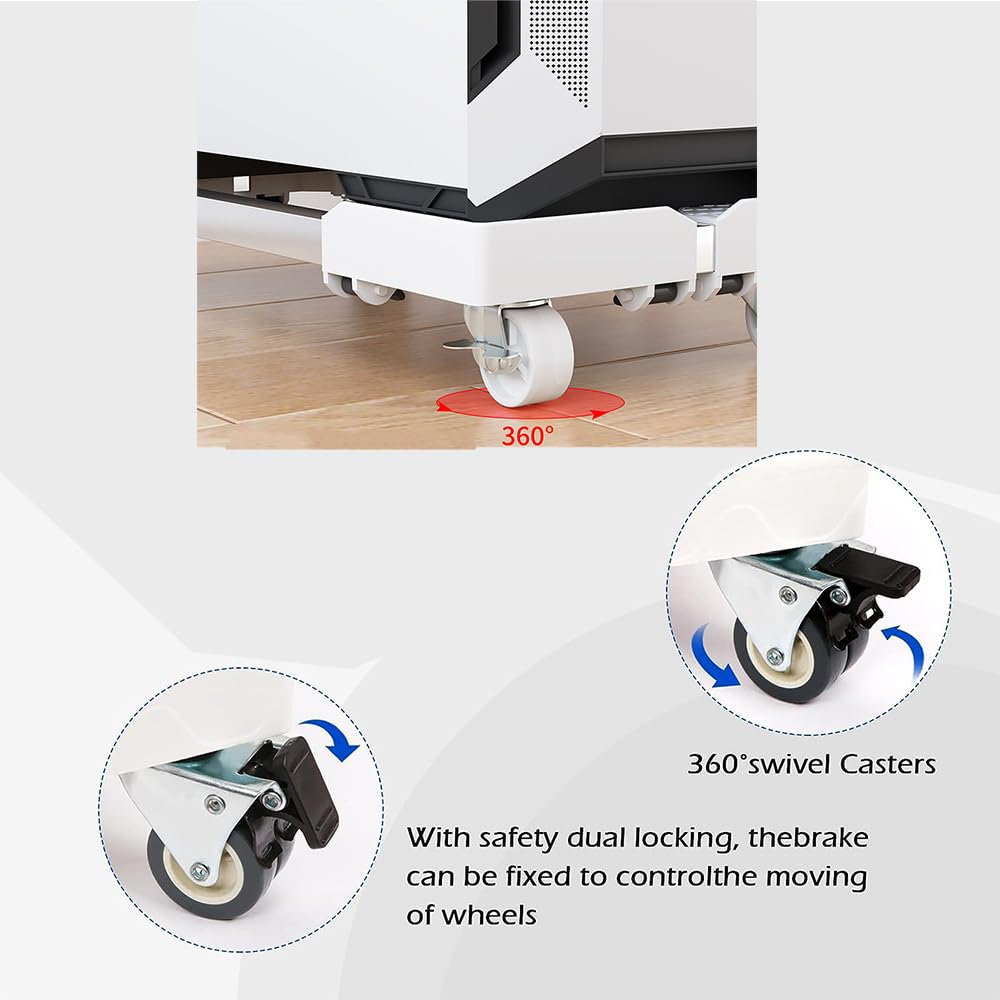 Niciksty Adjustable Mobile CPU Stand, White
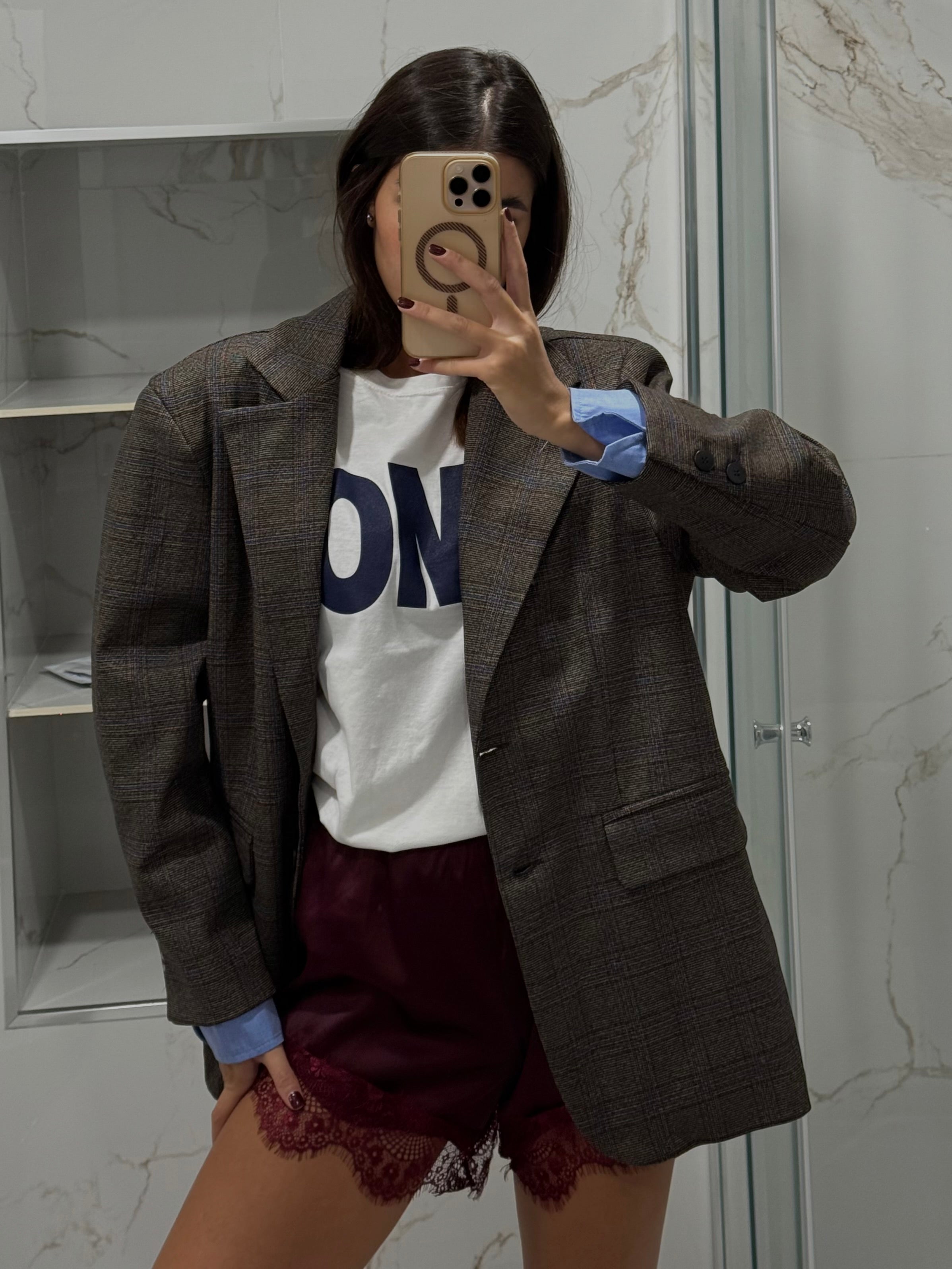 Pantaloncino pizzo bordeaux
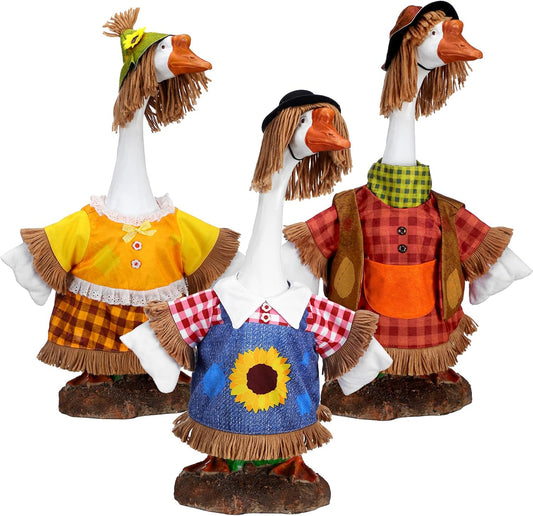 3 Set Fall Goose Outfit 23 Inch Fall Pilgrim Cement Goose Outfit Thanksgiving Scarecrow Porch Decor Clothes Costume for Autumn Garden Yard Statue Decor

■ TASK INSTRUCTIONS ■
Please give again only those lines that run from the one containing "Pantaloncino pizzo bordeaux" through the final line of the listing, both included, exactly as written and without pictures.

■ ANSWER BELOW ■
 Pantaloncino pizzo bordeaux
 3 Set Fall Goose Outfit 23 Inch Fall Pilgrim Cement Goose Outfit Thanksgiving Scarecrow Porch Decor Clothes Costume for Autumn Garden Yard Statue Decor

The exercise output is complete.